(Short descriptive text snippets)

============

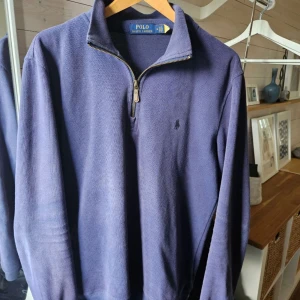 Ralph lauren halv-zip - Säljer nu en skitfet ralph lauren halfzip. Har ej äkthetsbevis (därav priset) , men ser inget som tyder på att den inte är det. Tröjan är i nyskick. Säljer tröjan för 550 men kan även tänka mig byta mot någon annan tröja. Storlek M, passar ungefär 183-190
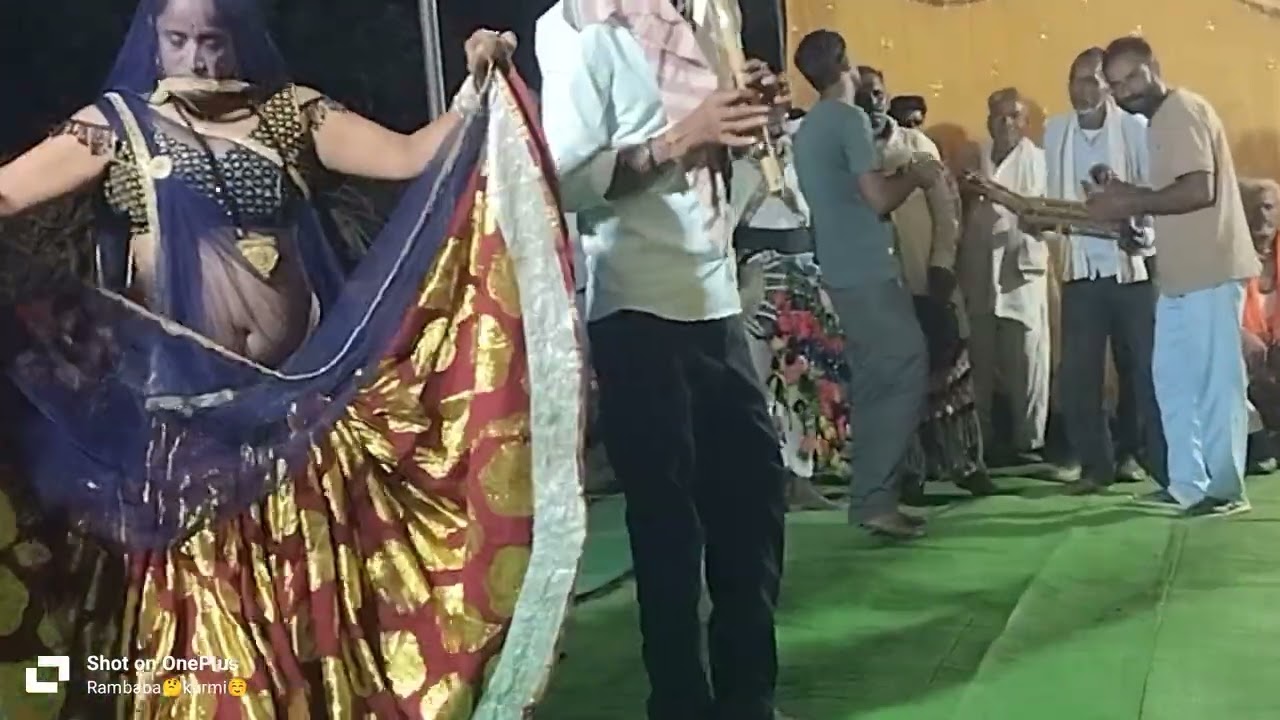 2 नवंबर 2025 Aisa dance kahin Rai kahin aapane Dekhi nahin hogi bundeli Bundelkhand ki desi Rai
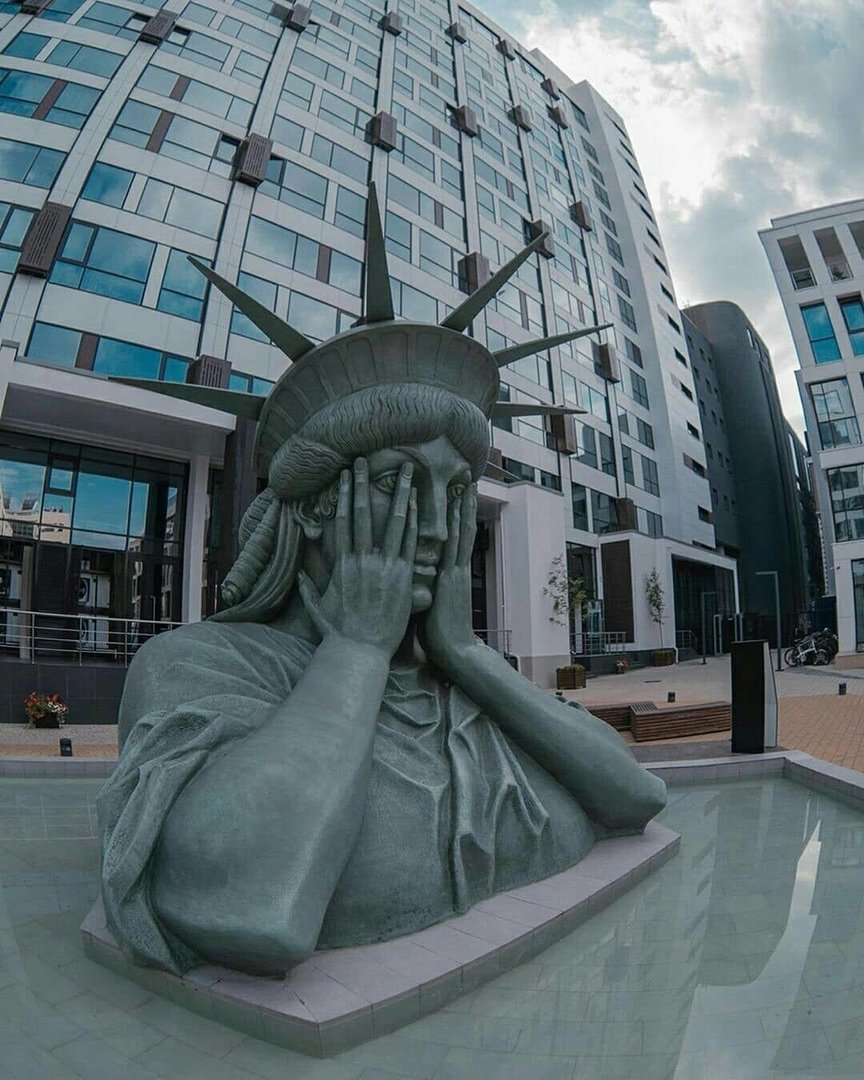 Статуя свободы в Москве на нижней Красносельской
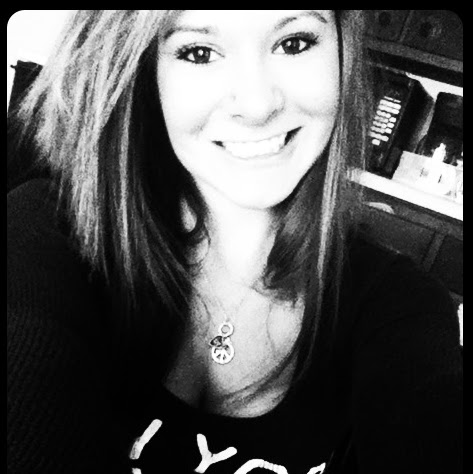 Alisa Walker Photo 39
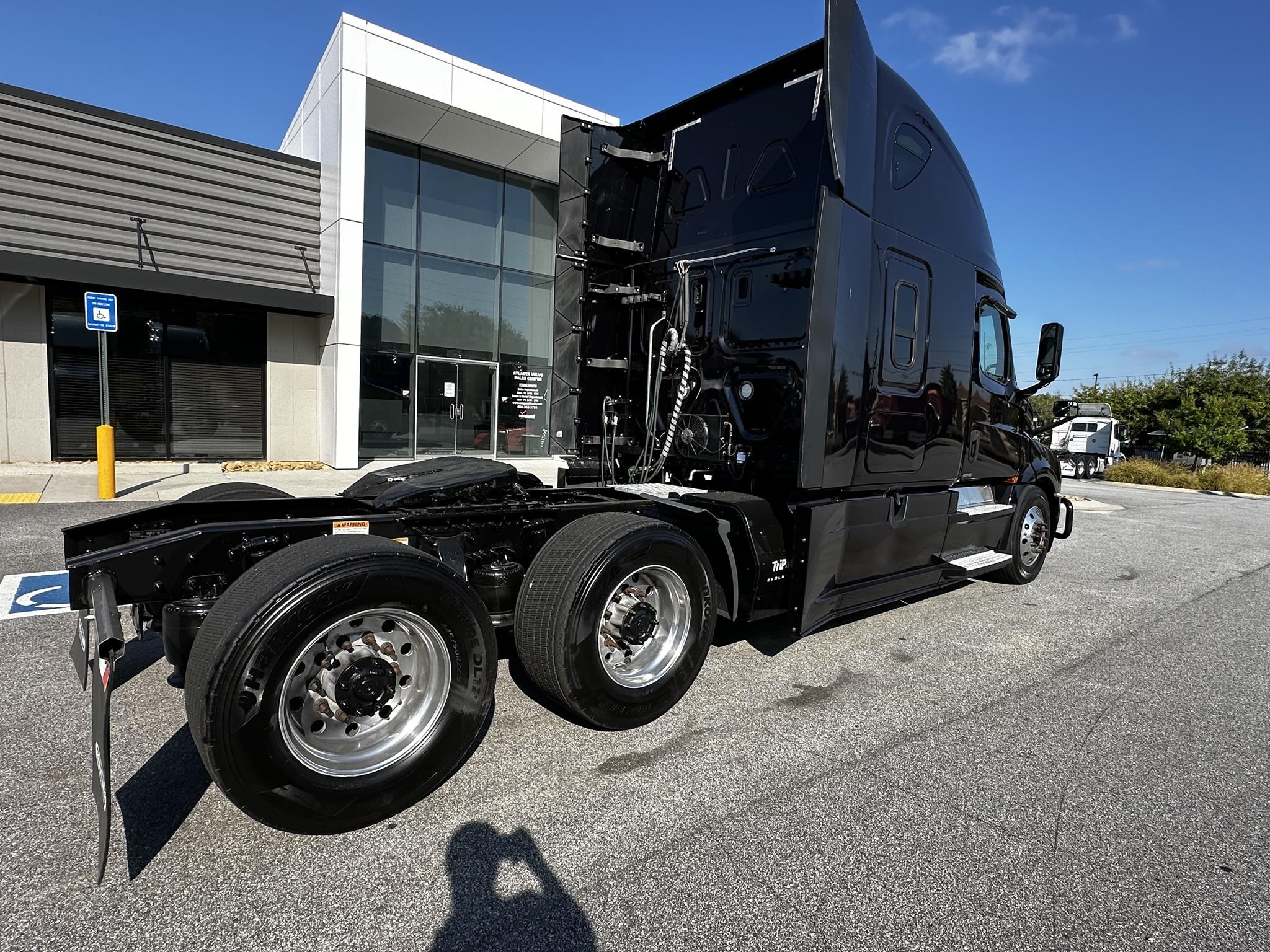 2020 FREIGHTLINER CASCADIA 126 - image 3 of 6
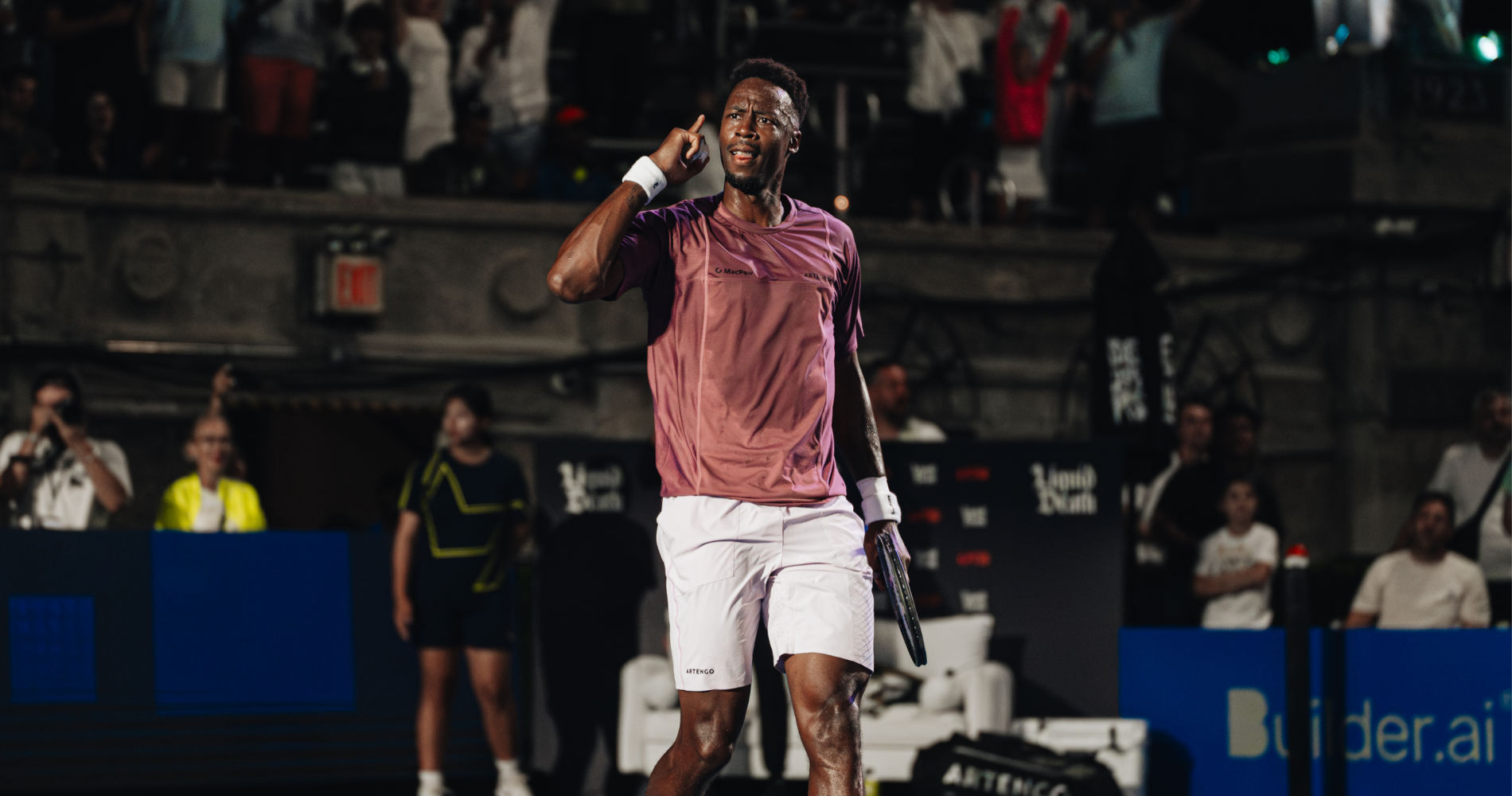 Monfils shrugs off locked back to reach semis at UTS London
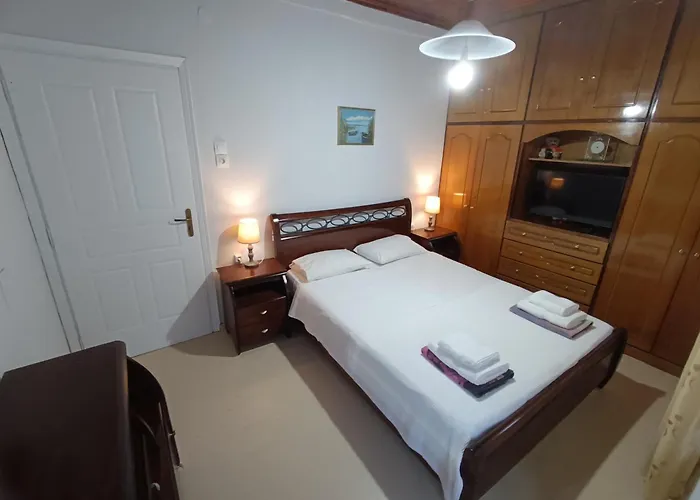 Rodomelo House With Terrace - 4 Bedrooms Leonídion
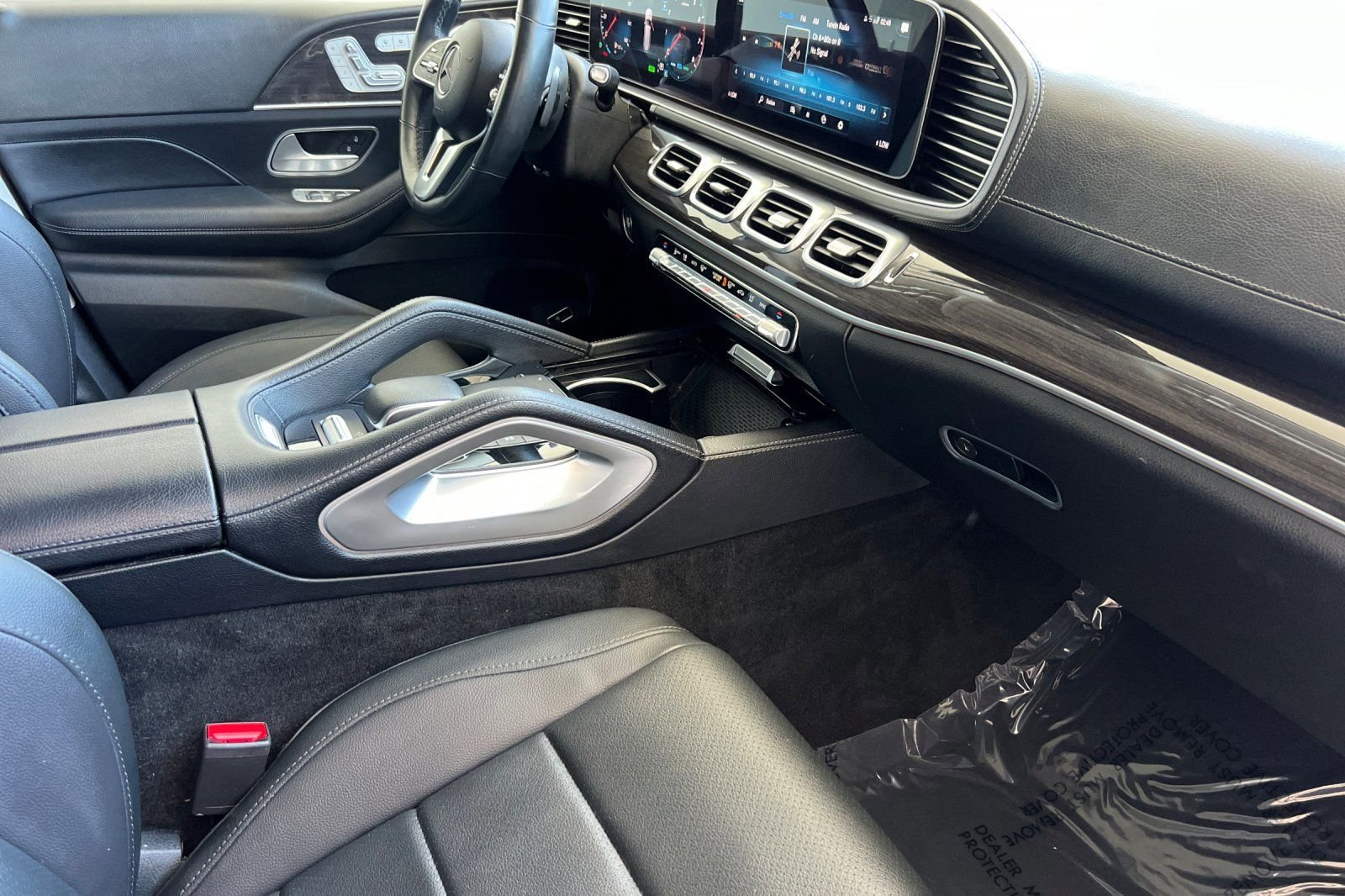 Used 2023 Polar White Mercedes-Benz 450 image 20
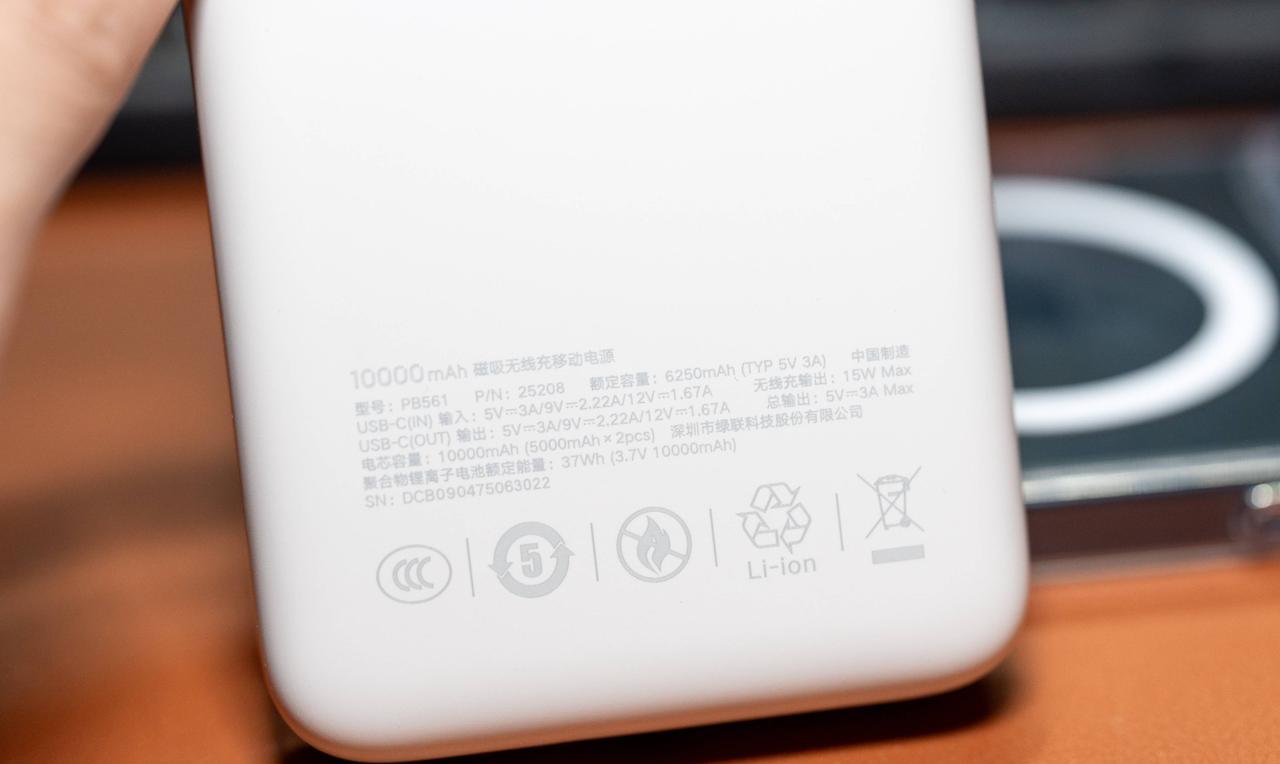 不要以为充电宝有“3C”标识，就可以随意携带“登机”使用了。还有就是，为什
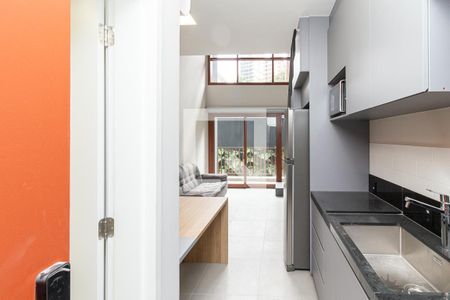 Cozinha de apartamento para alugar com 1 quarto, 45m² em Jardim das Bandeiras, São Paulo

============

Work to complete: Reproduce exactly and only the lines from the "Статуя свободы в" line to the last line of the records above. Do not carry over any pictures.

Solution below:
 Статуя свободы в Москве на нижней Красносельской
 Alisa Walker Photo 39
 2020 FREIGHTLINER CASCADIA 126 - image 3 of 6
 Monfils shrugs off locked back to reach semis at UTS London
 Rodomelo House With Terrace - 4 Bedrooms Leonídion
 Used 2023 Polar White Mercedes-Benz 450 image 20
 不要以为充电宝有“3C”标识，就可以随意携带“登机”使用了。还有就是，为什
 Cozinha de apartamento para alugar com 1 quarto, 45m² em Jardim das Bandeiras, São Paulo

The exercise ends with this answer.